Long before his days on "T.J. Hooker", "The Practice", "Boston Legal", or as the spokesman for Priceline.com, William Shatner's character commanded the starship Enterprise to, "....explore strange new worlds, to seek out new life, to boldly go where no man has gone before".  That phrase was part of the intro to the show weekly.  I will spare you the details of the hokie-ness of their special effects, their overuse of aluminum foil, their over acting or the fact that my grandfather always called Spock, a character on the show, "hog ears". 

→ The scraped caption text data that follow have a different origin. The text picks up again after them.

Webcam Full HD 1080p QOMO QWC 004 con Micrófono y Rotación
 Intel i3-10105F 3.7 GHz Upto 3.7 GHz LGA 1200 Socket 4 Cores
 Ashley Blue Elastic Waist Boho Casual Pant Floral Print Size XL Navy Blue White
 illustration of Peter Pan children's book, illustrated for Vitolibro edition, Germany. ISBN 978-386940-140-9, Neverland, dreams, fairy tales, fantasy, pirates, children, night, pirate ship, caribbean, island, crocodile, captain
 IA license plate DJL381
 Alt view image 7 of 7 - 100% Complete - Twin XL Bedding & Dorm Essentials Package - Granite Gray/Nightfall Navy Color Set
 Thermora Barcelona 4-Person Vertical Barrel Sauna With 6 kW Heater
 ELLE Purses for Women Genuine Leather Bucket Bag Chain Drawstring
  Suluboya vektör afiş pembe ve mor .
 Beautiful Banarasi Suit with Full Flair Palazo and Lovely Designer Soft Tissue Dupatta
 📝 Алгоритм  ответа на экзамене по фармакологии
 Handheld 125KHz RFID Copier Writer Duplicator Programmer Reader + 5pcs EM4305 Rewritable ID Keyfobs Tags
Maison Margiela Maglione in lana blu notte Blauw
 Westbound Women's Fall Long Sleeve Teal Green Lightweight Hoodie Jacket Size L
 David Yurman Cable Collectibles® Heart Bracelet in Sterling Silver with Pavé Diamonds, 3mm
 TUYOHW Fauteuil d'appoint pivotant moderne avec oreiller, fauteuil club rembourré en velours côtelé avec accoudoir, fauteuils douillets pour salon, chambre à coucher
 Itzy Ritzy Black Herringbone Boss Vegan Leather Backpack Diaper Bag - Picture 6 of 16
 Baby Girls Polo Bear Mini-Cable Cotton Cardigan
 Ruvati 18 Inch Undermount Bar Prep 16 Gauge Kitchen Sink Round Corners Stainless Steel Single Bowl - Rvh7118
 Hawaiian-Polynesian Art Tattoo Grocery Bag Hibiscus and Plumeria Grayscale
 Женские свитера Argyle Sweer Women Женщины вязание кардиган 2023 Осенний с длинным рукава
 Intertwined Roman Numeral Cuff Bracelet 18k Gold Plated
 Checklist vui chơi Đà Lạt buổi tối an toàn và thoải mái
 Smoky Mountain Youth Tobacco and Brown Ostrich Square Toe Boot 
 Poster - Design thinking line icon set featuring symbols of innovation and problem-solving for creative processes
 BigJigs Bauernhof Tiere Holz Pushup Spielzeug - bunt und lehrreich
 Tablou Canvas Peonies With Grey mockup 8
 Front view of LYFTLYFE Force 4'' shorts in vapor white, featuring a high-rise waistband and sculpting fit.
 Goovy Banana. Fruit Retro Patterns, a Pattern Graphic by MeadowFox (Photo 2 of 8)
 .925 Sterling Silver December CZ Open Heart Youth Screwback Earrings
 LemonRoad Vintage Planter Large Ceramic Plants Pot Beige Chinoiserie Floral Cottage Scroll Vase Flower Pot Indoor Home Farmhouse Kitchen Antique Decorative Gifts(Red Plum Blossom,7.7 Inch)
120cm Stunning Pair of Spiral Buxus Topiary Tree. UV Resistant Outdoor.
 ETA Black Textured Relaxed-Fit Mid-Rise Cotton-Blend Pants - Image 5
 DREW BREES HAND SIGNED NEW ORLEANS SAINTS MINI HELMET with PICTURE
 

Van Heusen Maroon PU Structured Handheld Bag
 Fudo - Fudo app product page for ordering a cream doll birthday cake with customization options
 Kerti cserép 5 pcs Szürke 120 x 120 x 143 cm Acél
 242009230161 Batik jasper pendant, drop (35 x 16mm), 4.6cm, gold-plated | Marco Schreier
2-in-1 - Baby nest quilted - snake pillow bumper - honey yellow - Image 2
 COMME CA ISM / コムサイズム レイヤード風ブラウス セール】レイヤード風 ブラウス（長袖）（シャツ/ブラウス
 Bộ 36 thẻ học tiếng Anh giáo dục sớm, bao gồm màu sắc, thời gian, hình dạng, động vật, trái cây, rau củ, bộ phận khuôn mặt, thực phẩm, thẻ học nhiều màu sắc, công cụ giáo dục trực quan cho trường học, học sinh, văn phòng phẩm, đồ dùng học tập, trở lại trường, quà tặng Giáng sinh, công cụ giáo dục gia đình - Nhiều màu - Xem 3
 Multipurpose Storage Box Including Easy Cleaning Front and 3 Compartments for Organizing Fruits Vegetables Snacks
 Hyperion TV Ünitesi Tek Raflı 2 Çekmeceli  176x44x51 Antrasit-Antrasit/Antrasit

Lest I digress, the point is that the show highlighted the fact that they were unafraid of what lay ahead.  They navigated their path into things that were hard, scary, unknown, confrontational even.  I like that statement, "....to boldly go where no man has gone before."  It's part of my mantra, my ways, the way my mind and spirit operate.   I boldly went where no man has gone recently.

Being divorced from the background I have has been quite interesting.  It has posed none too few situations that have made me a bit angry, sad, hurt and disgusted in general with people's reactions based on their assumptions of things that are not founded, not true.   It has though provided me with opportunities to be possibly a bit blunt and to draw the line in what information I give to others. 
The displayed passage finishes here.